By Syed Moazzam Hashmi
ISLAMABAD, Aug. 6 (Xinhua) -- Pakistani Prime Minister Syed Yousuf Raza Gilani dashed to Karachi on Friday on a two day trip to broker a truce with conflicting political parties, as death toll in riots soared to 90 and 15 million residents are still frightened due to uncertain law and order situation in the southern port city.
Reviewing the deteriorated law and order situation in the commercial hub of the country, Gilani would hold separate meetings with all political parties in an attempt to broker a truce between the conflicting coalition partners, official sources said on Friday.
Since the outbreak of violence following the assassination of Muttahida Qaumi Movement (MQM) legislator Raza Haider on Monday in Karachi, some 90 people have been killed, approximately killing one person every passing half an hour, and over 200 wounded and more than 100 vehicles have been torched. Karachi Chamber of Commerce and Industry estimated that there was over 10 billion rupees loss to public and private properties and closer of business in the past few days.
Pakistani Interior Minister Rehman Malik sprinted to Karachi a week ago and had broker a deal that did not last long between ethnic Urdu language speaker Muttahida Qaumi Movement (MQM) and ethnic Pashtu speaker Awami National Party (ANP). However, things went out of hands as both parties continued with the blame game and settling scores.

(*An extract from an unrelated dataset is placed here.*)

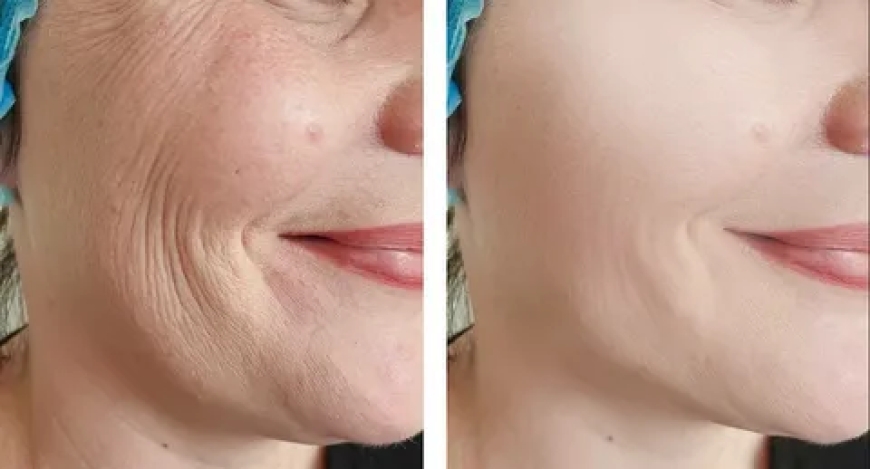 Gesichtsfalten und Ernährung: Diese Lebensmittel helfen wirklich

Still counting faith in the so far unsuccessful an iron hand approach to plug issues that are deep rooted in economic and political ambitions of major players on the complicated political checkered board, Malik has ordered rangers to shoot-at-sight miscreants, reiterating the common knowledge that "Terrorists want to destroy peace in Karachi."
However, keeping in view the two decades history of Rangers presence in Karachi, analysts fear that it might result in more innocent casualties, as they had been accused of taking political sides, highhandedness and extortion during their "temporary" assignment in Karachi since June 1990.
Thinking a step ahead, the interior minister also hinted at the possibility of calling in the military to smoothen the failing law and order in Karachi. The Pakistan Army is currently engaged on two essential fronts of fighting a homegrown insurgency in the rugged northwest tribal areas bordering Afghanistan as part of war against terror, and diligently involved in relief and rescue operation across the high-level floods and heavy rains plagued country.